Okay, so now I can't even manage my blog. Fricken hell!

Wordcount: 38028.

ARGHHH!!! I hate school sometimes!! Interfering with my writing!!... In any case, I managed to do 2,000-ish words last night - go me! I still am about 3-4000 words behind! I've really gotta step it up.

(How the hell was this so relatively easy last November!?)

This is Shi, with this expression: O.o

Saturday, 23 July 2011

Camp NaNo: Days 18 - 23

Well, I didn't update every day like I wanted to. The reason is, schools started again. In a fit of depression, angst and procrastination by sleep, I didn't write anything. My wordcount has stagnated at: 33149

Now, guess who is behind?? That's right!! Me!

So I'm going to try to catch up over the weekend, and study, and do all my homework, and clean my room, and learn a new song on guitar for a performance in 2 weeks.
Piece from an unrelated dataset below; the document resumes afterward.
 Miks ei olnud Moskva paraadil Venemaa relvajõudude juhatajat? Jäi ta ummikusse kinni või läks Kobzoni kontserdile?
This is Shi, deciding to engage in a liiiittle bit of procrastination...

Tuesday, 5 July 2011

Camp NaNo: Day 4

Okay, so I kinda forgot to post yesterday because I went to bed early-ish. So this is what happened:

Word count: 5401

We're on school break for 2 weeks, which is awesome for writing/Camp NaNo,  but also means that I wanted to dye my hair. We have rules about colours at school, so on holidays I go crazy to make up for it. Anyway, being out of lift and peroxide, my sister and I headed to the local shopping centre via public transport to pick some up. The buses and trains make it quite a long trip, I must say, but we successfully returned with all products.

We did a little bit of writing, fuelled by the lollies we also bought, and then we dyed our hairs. This took significantly longer than expected - I decided to do my roots as well, which I hadn't been planning on (good thing we got more of the stuff).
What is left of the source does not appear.